O estudante de Educação Física André Vasconcelos da Silva, de 25 anos, matou a mãe e a mulher a facadas e deixou o pai gravemente ferido dentro da casa da família, na Vila Brasilândia, zona norte, na madrugada de ontem. A filha de André, de 5 anos, presenciou o surto do pai.

FABIANO NUNES, O Estado de S.Paulo

06 de agosto de 2012 | 03h04

A mãe do suspeito, Luciene Vasconcelos da Silva, de 55 anos, e a mulher, a ajudante-geral Marília Fernandes da Silva, de 23, morreram no local. O pai de André, José Cardoso da Silva, de 61, foi socorrido no Hospital das Clínicas, onde passou por uma cirurgia. Ele permanecia internado em estado grave até a noite de ontem.

André era viciado em cocaína e álcool e fazia tratamentos com antidepressivos, de acordo com familiares e vizinhos. "Ele costumava agredir a mulher, a mãe e o pai. Eles sempre tentaram ajudá-lo, mas ontem ele, infelizmente, cometeu esse ato de crueldade, sem explicação", afirmou o primo do acusado, Josenildo Maia de Vasconcelos, de 39 anos.

Momentos antes do crime, André foi visto na rua de touca, com uma garrafa de bebida. "Por volta das 4 horas, ouvimos uma gritaria. Vi ele saindo de casa e trancando o portão. A filha dele foi quem chamou ajuda. Ela dizia que a mãe e a avó estavam mortas e precisávamos ajudar seu avô, pois ele estava muito ferido. Ela não chorou em nenhum momento, mas estava em estado de choque", disse uma vizinha da família.

De acordo com relatos de testemunhas à polícia, a filha do casal implorou para que ele não matasse sua mãe e os avós.
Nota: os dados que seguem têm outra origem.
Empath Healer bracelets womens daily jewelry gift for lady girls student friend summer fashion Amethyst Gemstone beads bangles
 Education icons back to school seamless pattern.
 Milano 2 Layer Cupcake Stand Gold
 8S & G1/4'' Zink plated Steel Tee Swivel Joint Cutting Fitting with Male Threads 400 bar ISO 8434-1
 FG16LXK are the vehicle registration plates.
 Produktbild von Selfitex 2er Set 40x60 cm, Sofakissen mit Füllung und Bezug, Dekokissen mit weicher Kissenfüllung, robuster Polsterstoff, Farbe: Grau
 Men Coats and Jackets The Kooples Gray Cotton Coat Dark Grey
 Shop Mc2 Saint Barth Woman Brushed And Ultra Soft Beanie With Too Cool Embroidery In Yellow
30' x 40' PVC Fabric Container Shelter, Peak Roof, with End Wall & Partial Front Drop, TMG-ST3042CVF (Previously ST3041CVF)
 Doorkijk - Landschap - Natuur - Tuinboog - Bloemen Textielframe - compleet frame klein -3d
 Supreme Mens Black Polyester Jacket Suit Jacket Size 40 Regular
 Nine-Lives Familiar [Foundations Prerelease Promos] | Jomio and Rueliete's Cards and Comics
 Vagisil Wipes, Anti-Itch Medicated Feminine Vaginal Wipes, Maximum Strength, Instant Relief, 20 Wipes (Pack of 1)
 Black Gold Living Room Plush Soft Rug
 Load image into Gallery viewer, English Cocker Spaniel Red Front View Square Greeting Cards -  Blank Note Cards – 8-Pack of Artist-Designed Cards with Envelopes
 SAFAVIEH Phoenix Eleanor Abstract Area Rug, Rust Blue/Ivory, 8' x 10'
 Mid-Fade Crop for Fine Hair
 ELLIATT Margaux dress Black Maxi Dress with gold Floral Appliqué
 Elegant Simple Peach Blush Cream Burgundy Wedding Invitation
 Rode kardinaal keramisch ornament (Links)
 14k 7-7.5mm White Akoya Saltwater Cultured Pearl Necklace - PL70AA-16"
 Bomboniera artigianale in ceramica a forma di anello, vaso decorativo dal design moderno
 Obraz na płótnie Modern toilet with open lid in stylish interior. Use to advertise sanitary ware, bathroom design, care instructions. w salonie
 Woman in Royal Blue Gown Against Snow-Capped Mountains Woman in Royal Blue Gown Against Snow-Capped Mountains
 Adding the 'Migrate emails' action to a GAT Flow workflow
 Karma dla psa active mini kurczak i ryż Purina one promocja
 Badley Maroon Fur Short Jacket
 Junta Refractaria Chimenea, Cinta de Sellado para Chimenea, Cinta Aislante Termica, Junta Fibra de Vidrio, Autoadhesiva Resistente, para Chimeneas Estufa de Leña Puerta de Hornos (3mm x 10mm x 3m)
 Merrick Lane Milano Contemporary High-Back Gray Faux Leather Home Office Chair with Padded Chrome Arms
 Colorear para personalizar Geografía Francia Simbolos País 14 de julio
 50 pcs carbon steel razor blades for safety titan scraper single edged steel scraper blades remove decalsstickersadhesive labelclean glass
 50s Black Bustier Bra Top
A PM levou cerca de 40 minutos para chegar ao local. Até o início da noite de ontem, o estudante não havia sido localizado. "Ele estava passando por um tratamento. Mas teve uma recaída. A droga foi responsável por essa tragédia. Espero que ele seja preso e pague pelo que fez. Se é que ainda terá tempo para isso", disse Vasconcelos.

O rapaz era aluno do curso de Educação Física da Universidade Paulista (Unip), no câmpus da Barra Funda, na zona oeste. A mãe do jovem era quem pagava os estudos.

Agressões. O pai de Marília, Cícero da Silva, de 48 anos, disse que a filha também já havia sido agredida pelo marido. "Pedi para ela voltar para minha casa diversas vezes, mas não quis, pois tentava salvar o casamento", afirmou. O rapaz já tinha passagens pela polícia por furto.